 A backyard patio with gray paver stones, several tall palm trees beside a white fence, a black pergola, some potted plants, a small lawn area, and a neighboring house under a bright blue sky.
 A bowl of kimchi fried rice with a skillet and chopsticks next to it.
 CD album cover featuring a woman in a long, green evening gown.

+---+

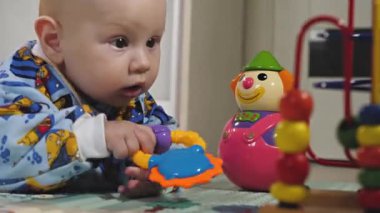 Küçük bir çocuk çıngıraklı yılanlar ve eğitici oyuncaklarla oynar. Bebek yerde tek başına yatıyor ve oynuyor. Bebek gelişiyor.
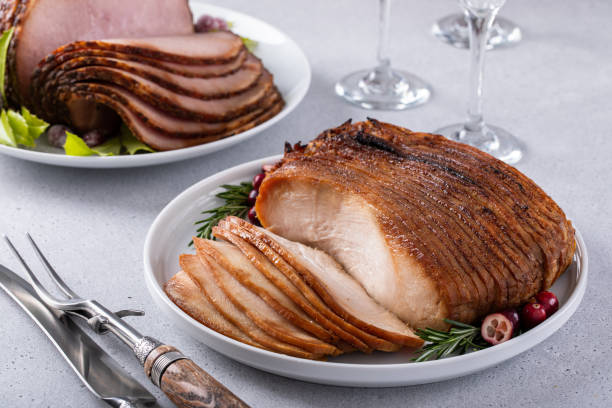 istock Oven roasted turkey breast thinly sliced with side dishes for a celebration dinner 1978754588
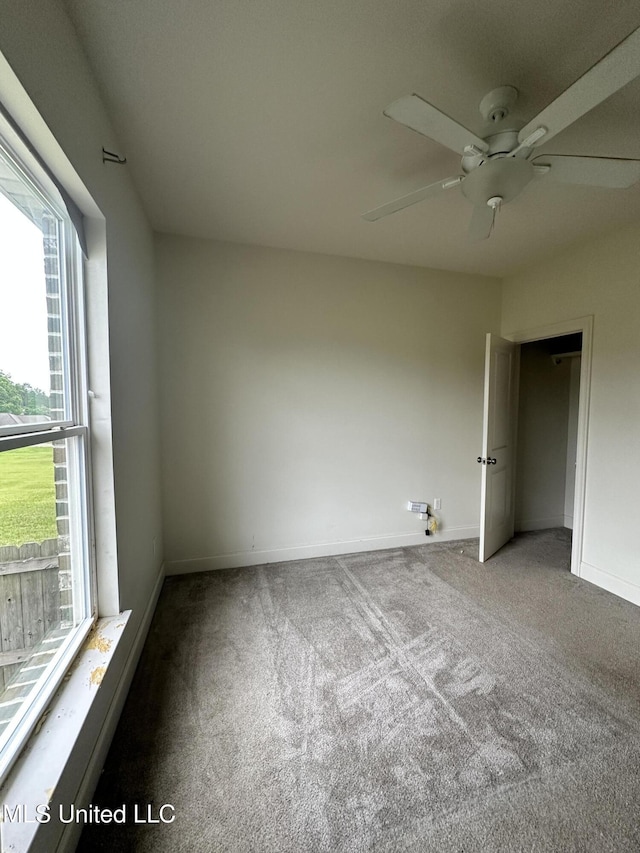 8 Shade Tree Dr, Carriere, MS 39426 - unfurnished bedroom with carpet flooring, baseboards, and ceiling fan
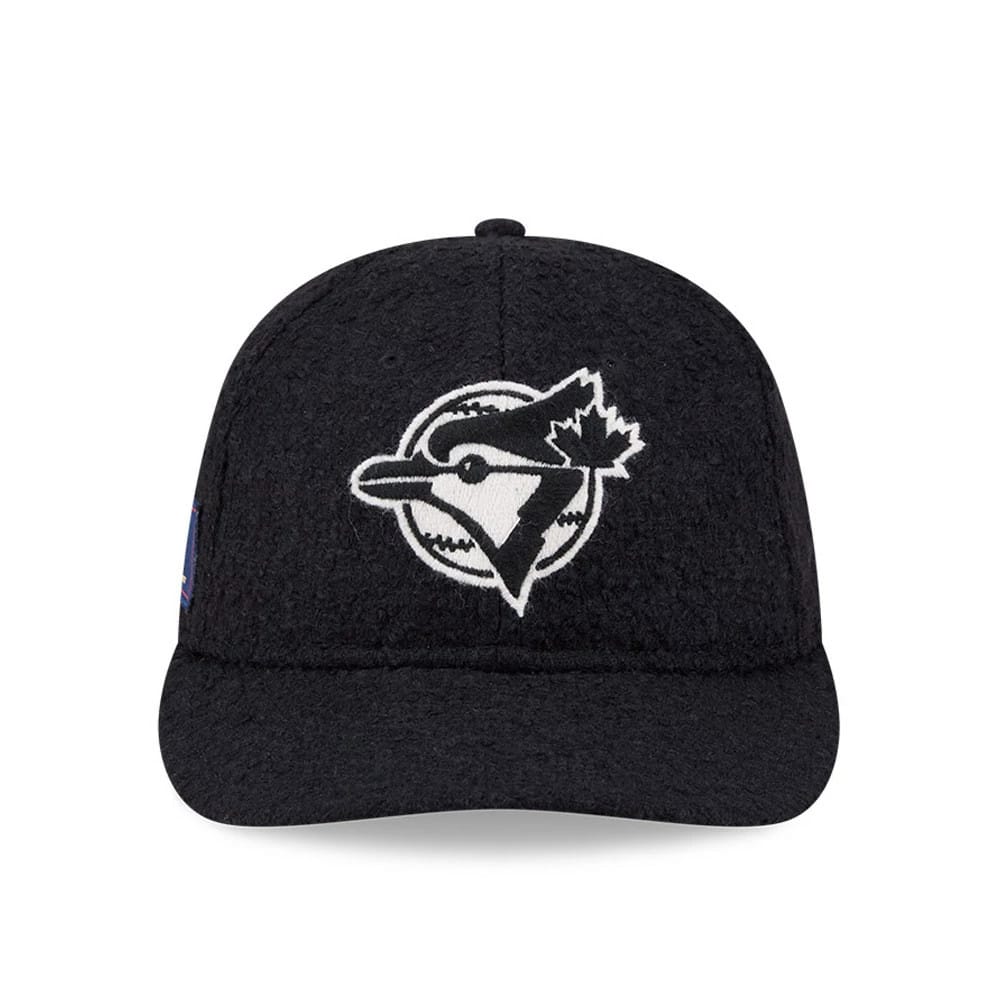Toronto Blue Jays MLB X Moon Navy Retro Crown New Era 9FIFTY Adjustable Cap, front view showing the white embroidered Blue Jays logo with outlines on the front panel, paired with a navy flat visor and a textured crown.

+---+

> _Required work_: Please repeat, exactly as written, the lines in the records above, starting with the one that has "Küçük bir çocuk" and going on through the one that has "istock Oven roasted". Pictures are to be left out.

> _Your response_:
 Küçük bir çocuk çıngıraklı yılanlar ve eğitici oyuncaklarla oynar. Bebek yerde tek başına yatıyor ve oynuyor. Bebek gelişiyor.
 istock Oven roasted turkey breast thinly sliced with side dishes for a celebration dinner 1978754588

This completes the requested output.